| Message |
 |
Date: 2009-01-23 14:57
Sender: S. Leger
Hi,
If you are interested, after Vladimir commits his changes, I
can easily create a patch with the updates for UTF-8 return values
AND for the changes in bug 17631. These changes were submitted
by Larry K., a former coworker of mine and provide better mapping
of java.lang.Exception types into Ruby. It would be very nice
to get these committed!
http://rubyforge.org/tracker/index.php?func=detail&aid=17631&
amp;group_id=1270&atid=4995 |
Date: 2009-01-23 09:46
Sender: Vladimir Dobriakov
> Would it be okay if I add you as a committer Vladimir?
Sure, than I would just run
`patch -p0 -i fix_pack_string_properly.diff`
and increase the version number.
What is about releasing the new gem version? Would you still
do this?
Best Regards
Vladimir AKA geekQ
|
Date: 2009-01-23 09:18
Sender: Christer Sandberg
Hi to you both!
Sorry for not applying the patch yet. I'm totally occupied in my
current project and my mind is elsewhere right now. Would it
be okay
if I add you as a committer Vladimir? Then you can apply all the
necessary patches and everyone will be happy and at ease ;)
/Christer |
Date: 2009-01-21 21:09
Sender: S. Leger
Update: I was correct, that function was mangling multi-byte
strings. I've changed the function so that it doesn't perform
the pack('C*') conversion; this works in ASCII but mangles other
UTF-8 values.
It looks a bit unintuitive because you might expect that s.length
would return the number of characters. However, it returns the
number of bytes (since strings are basically just byte arrays
in Ruby).
# +returns+:: An array, [0] = parsed string,
# [1] = number of bytes to slice
# out of the data stream that were
# occupied by the string
def from_utf8(len = '*')
s = @data.unpack("U#{len}").pack('U*')
[ s, s.length ]
end
I'm gonna throw some keywords in this bug so that search engines
may pick up this thread more readily: UTF-8 Ruby Hessian mangled
Japanese Chinese Russian multibyte unicode |
Date: 2009-01-21 19:06
Sender: S. Leger
Is it possible that this type of problem also affects UTF-8 strings
in return values?

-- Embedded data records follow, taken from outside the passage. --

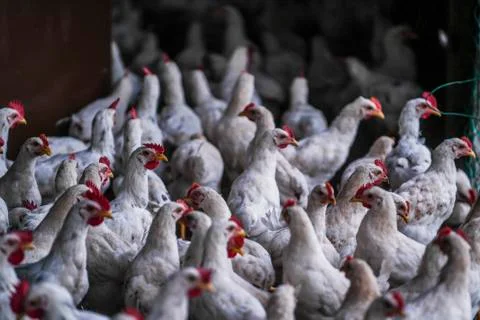 Chicken 写真素材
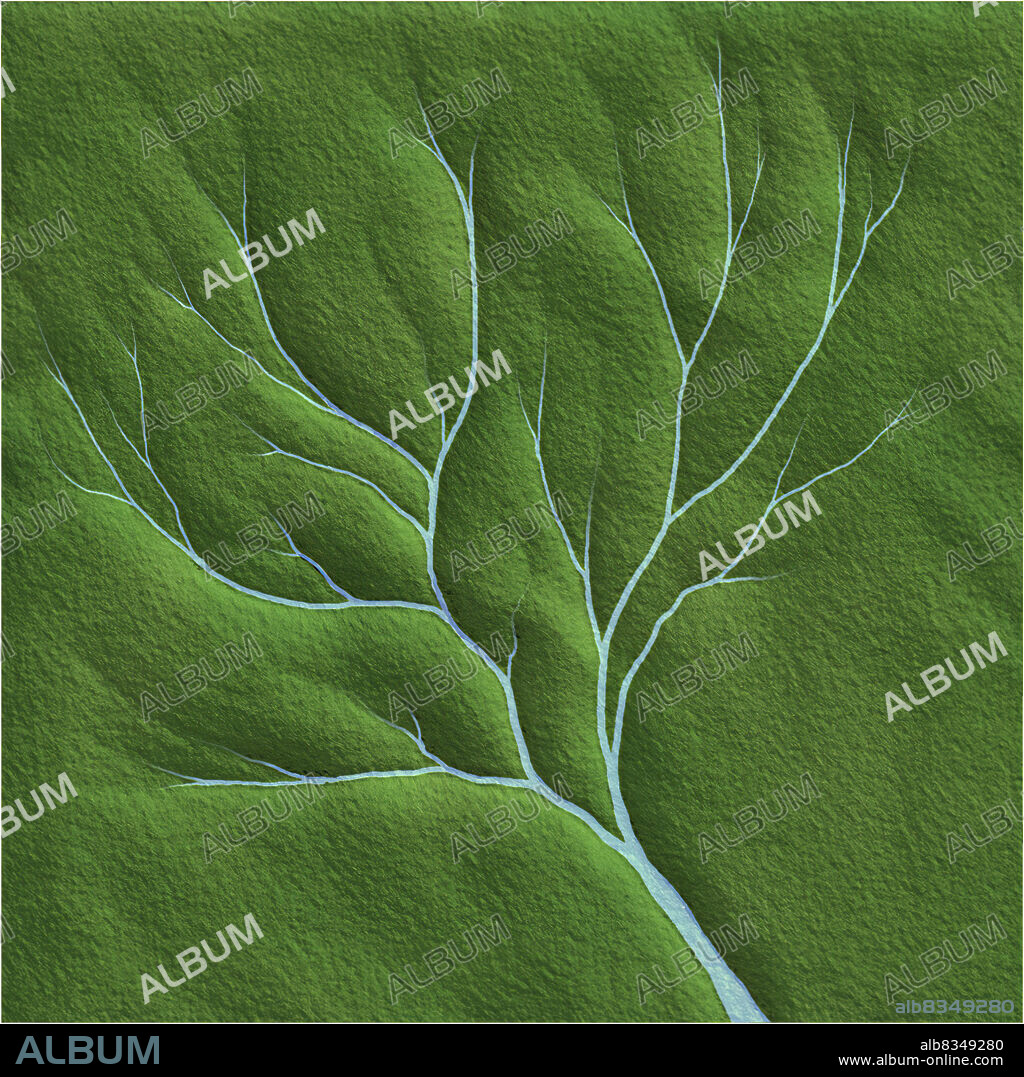 The dendritic drainage pattern is one of the most common. It is found in zones where the relief and nature of the rocks are homogeneous.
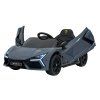 Auto Lamborghini Revuelto sivé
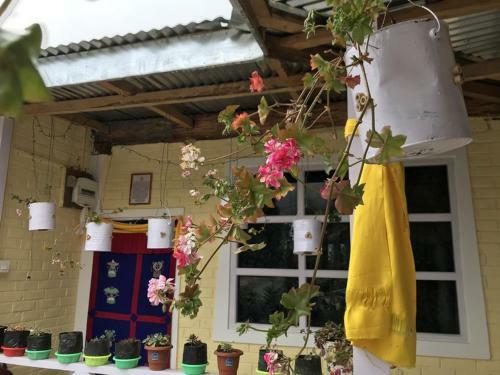 Ourguest Lachung Homestay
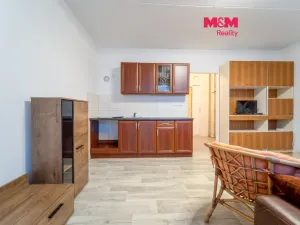 Prodej bytu 1+kk, Plzeň - Severní Předměstí, Sokolovská, 28 m2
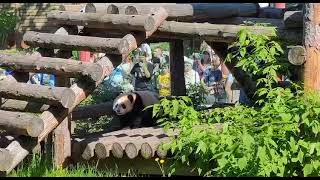 СкОка здЕся и ТУтА всЕго иНтеРесНого и вСë мОë МоскОвсКиЙ зооПарк🐼👀👍😍baBy paNda MOScow zoo🐼👀👍👍😍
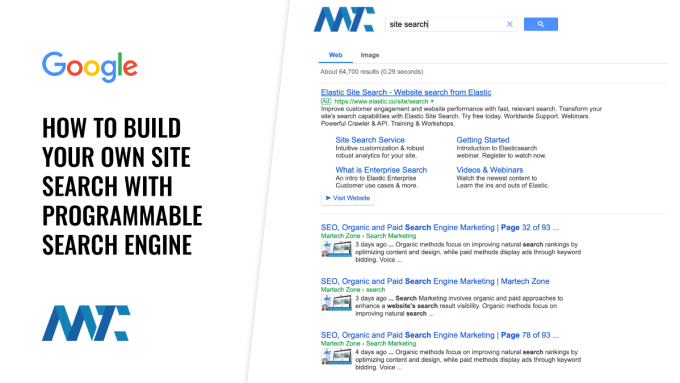 Google Programmable Search Engine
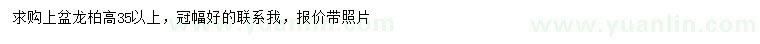 求購高35公分以上龍柏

I am having trouble decoding an array (coming
out of a Hessian call) of UTF-8 text that contains Japanese-language
strings. I suspect that the same type of problem is occurring
in the decoding routine:
def from_utf8(len = '*')
s = @data.unpack("U#{len}").pack('C*')
[ s, s.unpack('C*').pack('U*').length ]
end
Also it does not appear that the original patch attached to this
bug has been applied to the SVN repo yet (as of 2009-01-21). |
Date: 2008-12-05 22:55
Sender: Vladimir Dobriakov
BTW, both the original and my proposed implementation won't
work with long strings (more than 64K). For that you need
the splitting in chunks of less than 64K letters (not
bytes). As long as nobody requests this functionality we
should probably at least raise a meaningful exception like
raise 'chunking is not supported yet' if length > 65535
Regards,
Vladimir |
Date: 2008-12-04 08:34
Sender: Christer Sandberg
Hi Vladimir!
I will apply the patch and make a new release as soon as I can.

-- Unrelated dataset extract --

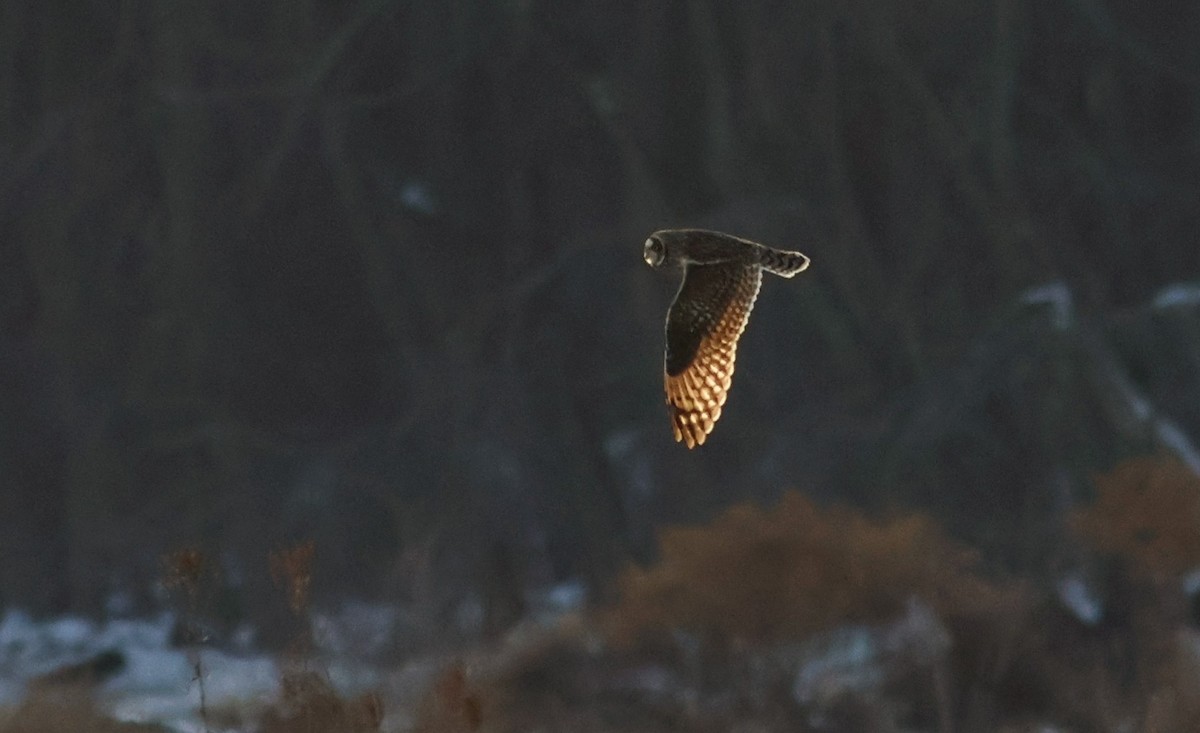 Short-eared Owl - ML628110034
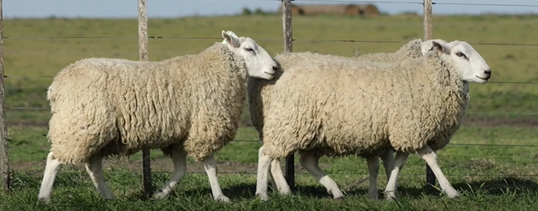 Lote CARNEROS(CORRAL 57)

I can't fix this while at work, but I will do it this weekend
for sure.
Thanks,
Christer |
Date: 2008-12-02 19:20
Sender: Vladimir Dobriakov
One additional note: the patch assumes, that the input
strings are UTF-8 encoded. We use the hessian library in a
Rails application where strings are UTF-8 encoded by
default. (English text encoded as ASCII works fine because
the bytes are the same as with UTF-8)
The patch is also tested with Cyrillic and Japanese strings.
To assume the UTF-8 encoding is the right way, I think. It
is not possible to reliably detect the encoding of a string
automatically. We either have to assume some encoding, that
is suitable for all or extend the API so the encoding is
provided by the caller.
|